Activity – The answer is to be the lines below that lie between the line holding "Camiseta Niños salvan" and the line holding "Cubavera Men's Hawaiian", inclusive, transcribed exactly and free of pictures.

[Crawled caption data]
=====

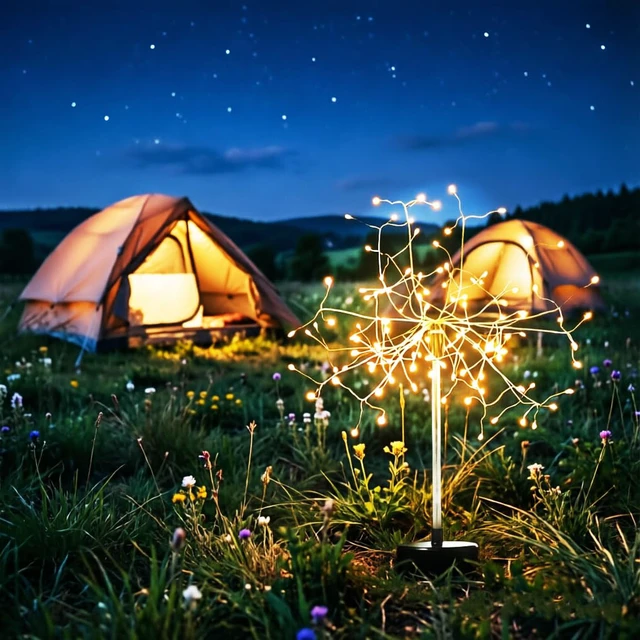 Alt view image 3 of 7 - Table Firework Light Mini Table Centerpiece Lights,120 LED Fairy Light Starburst Lighting Banquet Table Center Piece Decoration Light Up Star, Battery Operated, for Dinner Indoor Christmas Party Decor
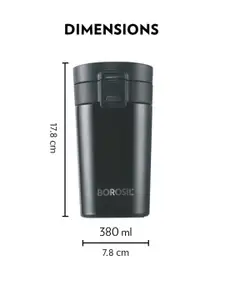 BOROSIL Vacuum Insulated Leakproof Coffeemate Mug 540 ml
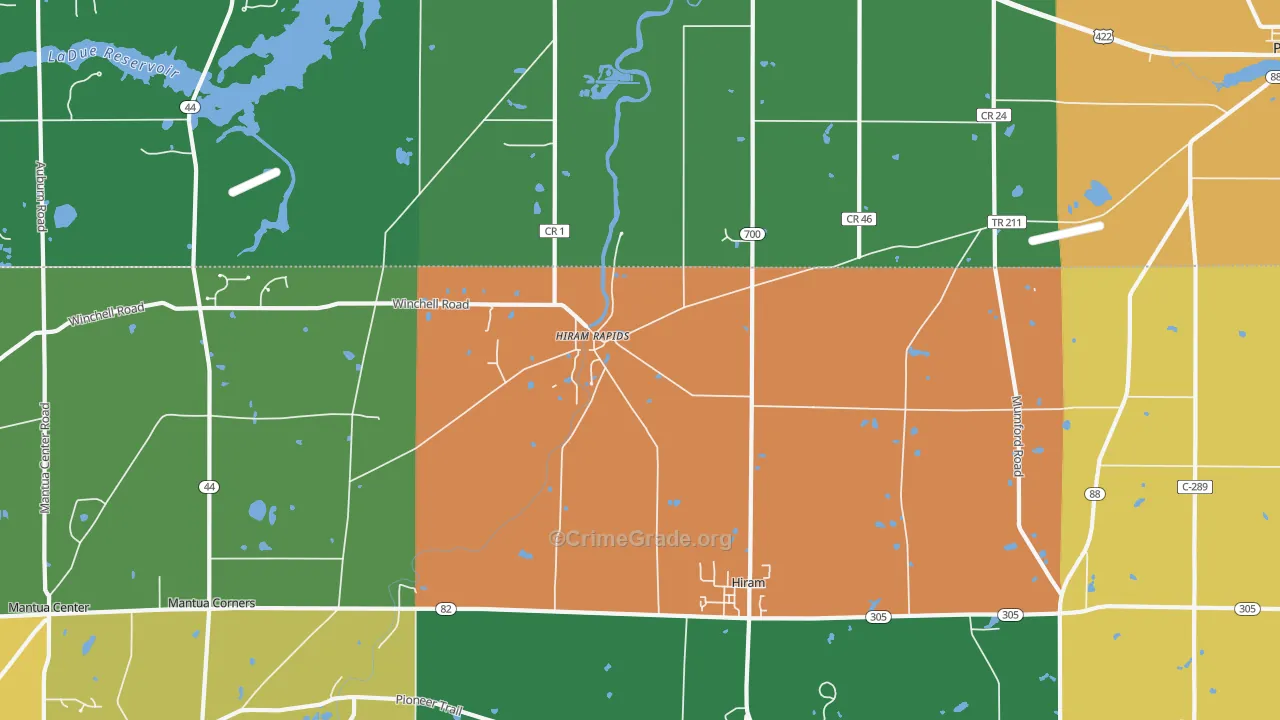 Hiram Rapids, OH Map of Theft Rates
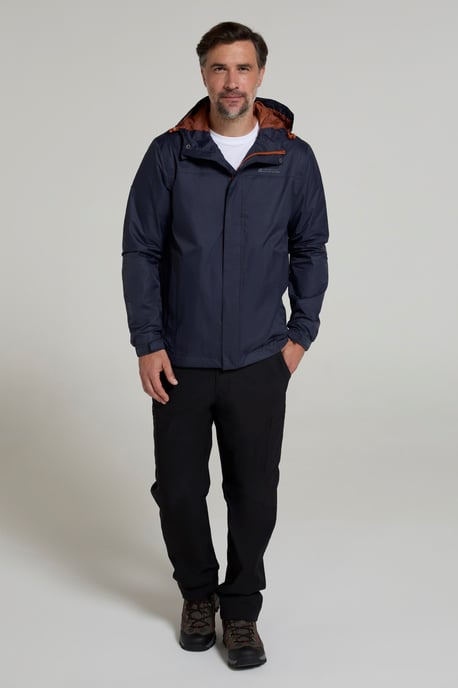 'Torrent' Men's Rain Jacket with Zipped Pockets Waterproof Adjustable Hem Dark Blue - Image 2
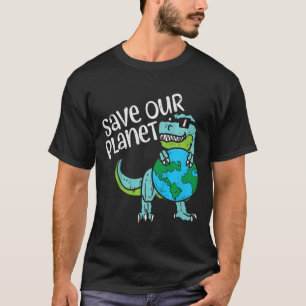 Camiseta Niños salvan nuestro planeta Trex Earth Cute Dinos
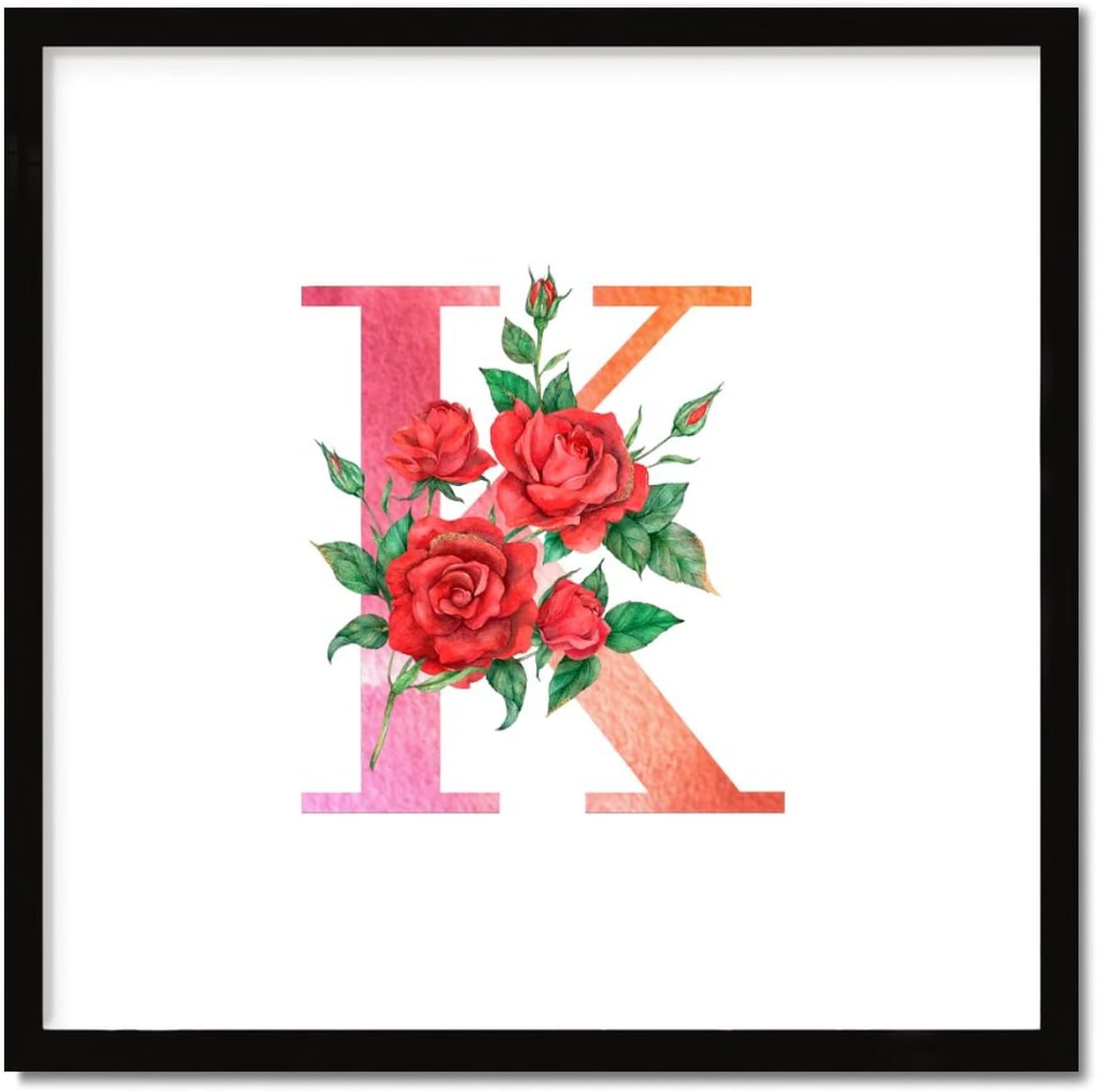 Red Floral Monogram Letter K Framed Wood Sign 12x12 Inch 1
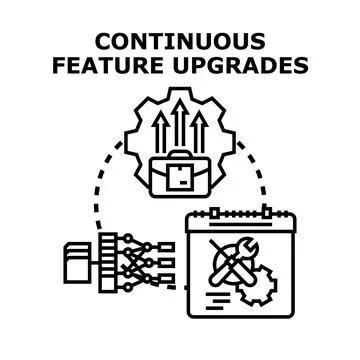 Continuous feature upgrades for business development process 스톡 일러스트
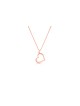 Collier creux d'or du double coeur 14K de papillon, cadeaux de mariage juifs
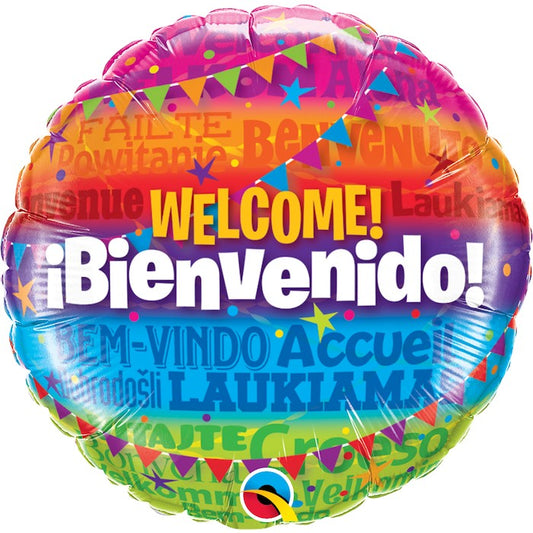 Globo bienvenido varios idiomas inflado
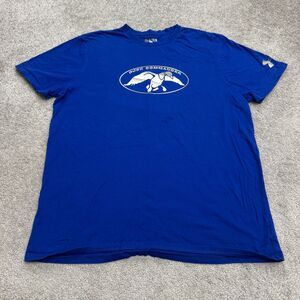 Under Armour Loose Fit HeatGear Graphic T-Shirt Men XL Blue Cotton Crew Neck Tee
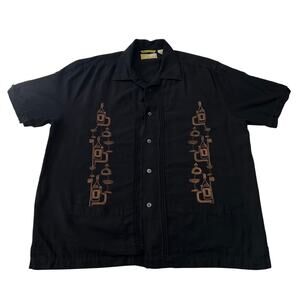 Cubavera Men's Hawaiian Silk Blend Button Up Shirt Size L Embroidered Drinks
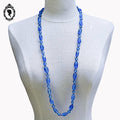 Sautoir long collier bleu perles en verre vintage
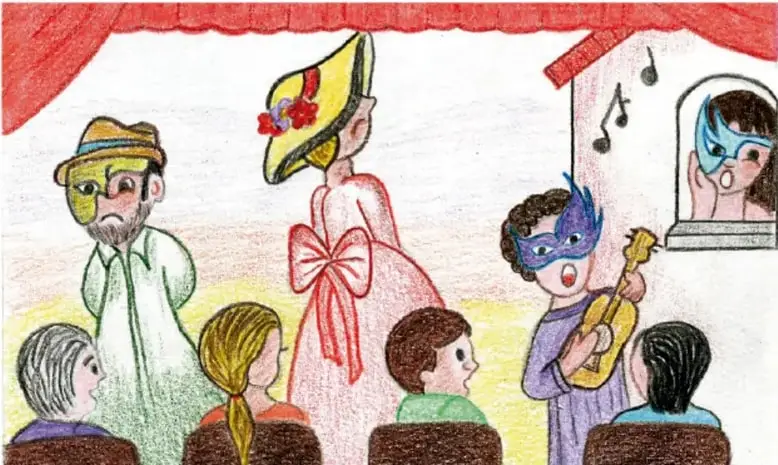 Escena teatral ante público: personajes con antifaces y sombreros, una mujer con vestido rosa y sombrero amarillo, un músico con guitarra y una niña asomada a una ventana con antifaz azul; telón rojo; crédito: Elizabeth Solis Balderras, TLAXCALA.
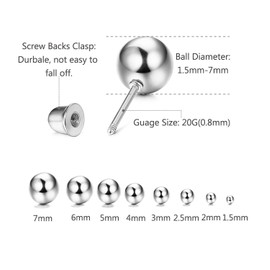 KALVICA 8 Pairs Stainless Steel Ball Stud Earrings Screw Back Ear Cartilage Earrings for Women Men 1.5 - 7 mm, Stainless Steel
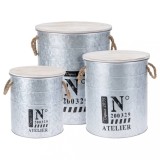 442176 H&amp;S Collection 3 Piece Storage Box Set with Rope Zinc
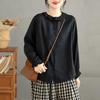 Women's Ruffle Neck Cotton Linen Blouse Loose Fit Casual Long Sleeve Button Down Shirt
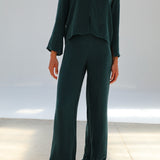 Flow Cupro Silk Pants Green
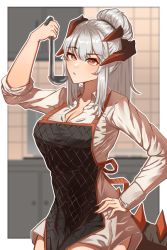 Rule 34 | 1girl, absurdres, alternate hairstyle, apron, arknights, arm up, black apron, border, breasts, cleavage, commentary, cowboy shot, dress, english commentary, hand on own hip, highres, holding, holding ladle, horns, indoors, ladle, large breasts, long hair, long sleeves, najashi, orange eyes, outline, outside border, ponytail, saria (arknights), short dress, sidelocks, silver hair, solo, standing, tail, white border, white dress, white outline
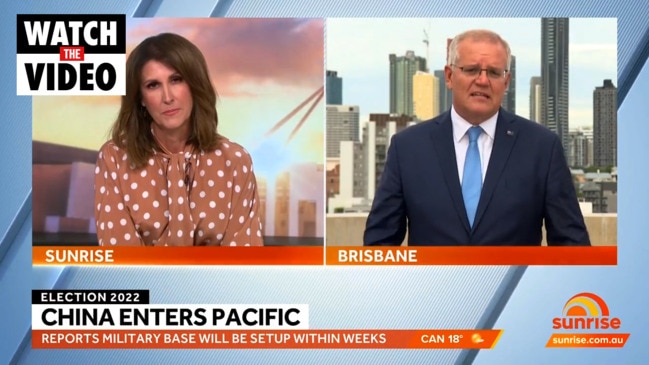 Sunrise host grills Scott Morrison over China’s Solomon Islands deal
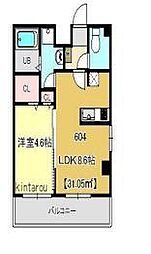 金太郎ヒルズ215'★ 1DKの間取図画像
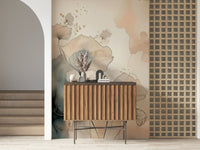 Luminous Botanical Lines Wall Mural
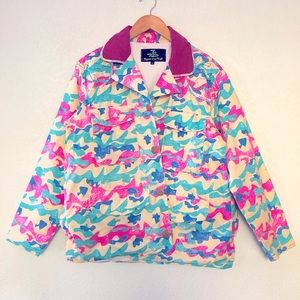 Rare PINK DOLPHIN Jacket Size M Western Camo Corduroy
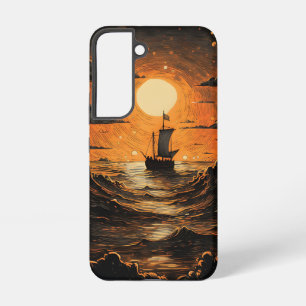 Schip varen in de nacht samsung galaxy hoesje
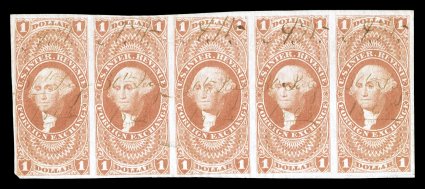 R68a, $1.00 Foreign Exchange, imperforate, horizontal strip of five, large margins all around except just touching at bottom left, very minor wrinkling at bottom, very fine a
handsome strip which also happens to be the largest known multiple
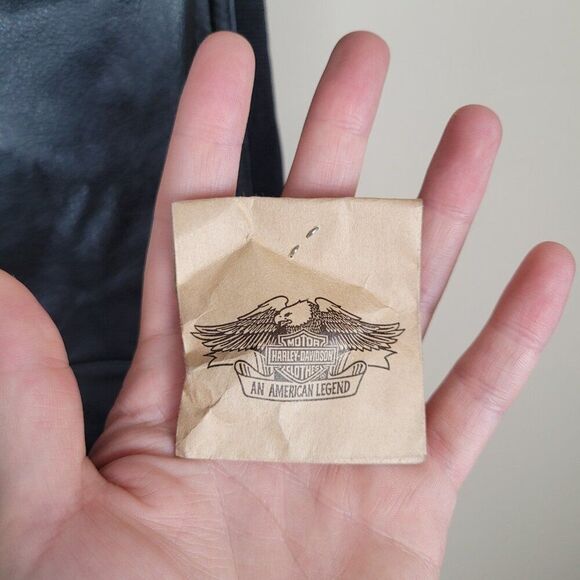 Harley Davidson Vintage 90s Leather Textile Pants High Rise Black Size 38/10 - Picture 13 of 16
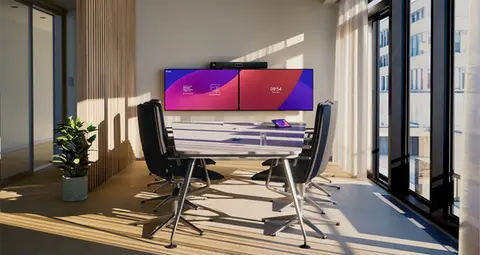 Conference room with wall‑mounted display, soundbar, tabletop microphone hub, and one‑touch meeting controller.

=====

Response for this exercise –
 Camiseta Niños salvan nuestro planeta Trex Earth Cute Dinos
 Red Floral Monogram Letter K Framed Wood Sign 12x12 Inch 1
 Continuous feature upgrades for business development process 스톡 일러스트
 Collier creux d'or du double coeur 14K de papillon, cadeaux de mariage juifs
 Globo bienvenido varios idiomas inflado
 Under Armour Loose Fit HeatGear Graphic T-Shirt Men XL Blue Cotton Crew Neck Tee
 Cubavera Men's Hawaiian Silk Blend Button Up Shirt Size L Embroidered Drinks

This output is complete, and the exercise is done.